One day, a CIA officer, Jessica Miller (Caitriona Balfe), makes a rather profitable offer to the firm, in exchange for Ray entering (undercover, as a prisoner) a super-tight correctional facility to test out its security system.
But of course, once Ray has confidently strode into it with all the trust of a man who thinks that he can get out by revealing his real identity anytime he wants, he discovers that he is to be detained in a prison which, for all purposes, appears to be the cousin of the one in which Magneto (and, more recently, Khan) was locked in, forever.

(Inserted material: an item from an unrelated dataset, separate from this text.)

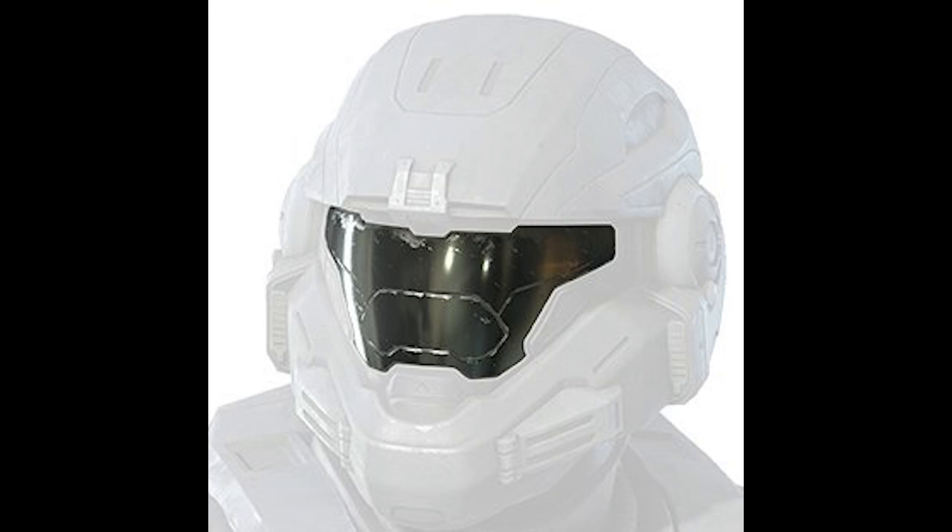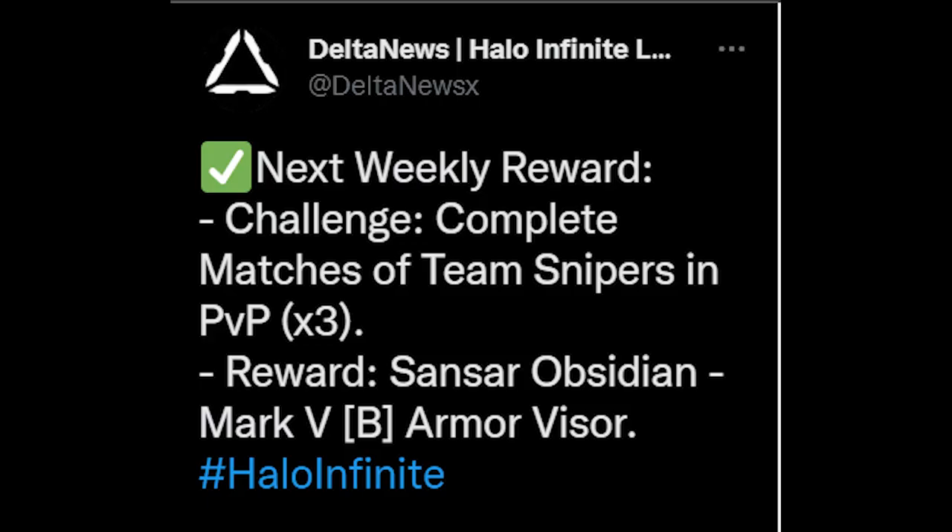This week's ultimate is a black visor for the Mark 5 core — the Noble core, the Reach core. It's interesting that we're getting stuff for a core from season one, so a lot of speculation is that we might be getting cross-core possibly. To get that reward you have to complete three team sniper matches in PvP, and that's it — you get the black visor. Pretty simple, and the black visor is really cool so I think it's worth it. That's probably one I'll actually grind for personally.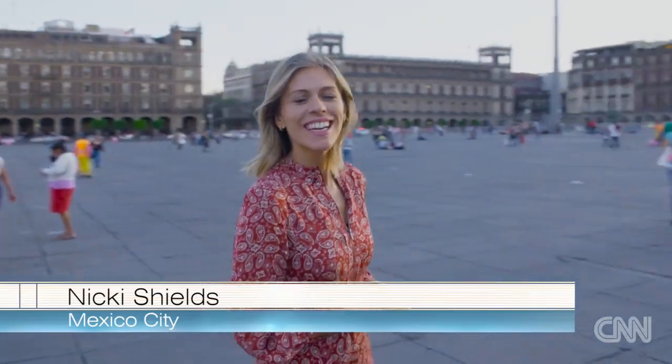Hello and welcome back to Supercharged. Here in Mexico City, we're in one of the most populous cities in the world and also the most congested.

It's all cuboid glass boxes, masked guards, closed environment without any sign of the sun or the sky, and even without any idea about the passage of time, right in the middle of freaking nowhere. Quite literally, since twice in the movie, in response to some or other person's "You will never get out of here" taunt, Ray asks, "Where is here?"
It's supposedly the place to put in the men (we honestly couldn't spot a single woman amongst that lot) who need to be made to disappear off the grid.
Ray is accosted by Emile Rottmayer (Arnie, rocking a greying French beard), a fellow prisoner. Reluctantly, Ray befriends Emile, and the two start plotting to break out of the prison.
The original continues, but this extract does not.